[[ SUPPLIED ENTRIES open ]]

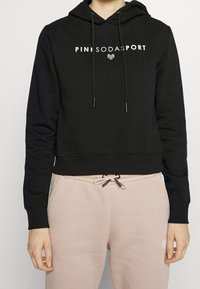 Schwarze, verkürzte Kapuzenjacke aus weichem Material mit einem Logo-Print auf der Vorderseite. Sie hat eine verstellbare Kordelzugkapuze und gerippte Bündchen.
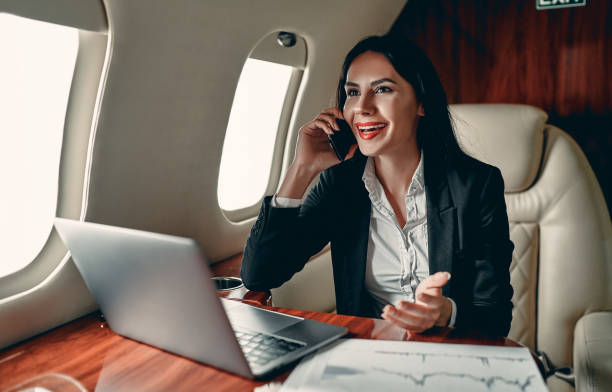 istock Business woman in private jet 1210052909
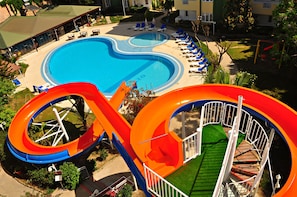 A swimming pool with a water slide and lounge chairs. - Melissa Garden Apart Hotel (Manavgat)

[[ SUPPLIED ENTRIES closed ]]
[[ SUPPLIED ENTRIES open ]]

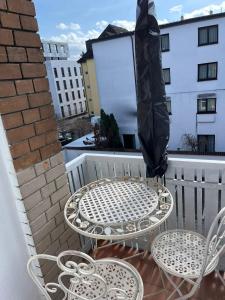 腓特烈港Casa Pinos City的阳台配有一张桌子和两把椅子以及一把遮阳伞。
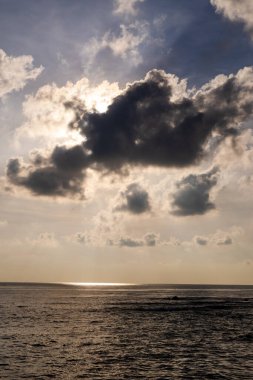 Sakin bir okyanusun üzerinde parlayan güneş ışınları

[[ SUPPLIED ENTRIES closed ]]

[PROBLEM STATEMENT]: Look above for the line with "istock Business woman"; quote it and every line after it, stopping after the line with "A swimming pool", exactly, with nothing added and without pictures.

[RESULT]:
 istock Business woman in private jet 1210052909
 A swimming pool with a water slide and lounge chairs. - Melissa Garden Apart Hotel (Manavgat)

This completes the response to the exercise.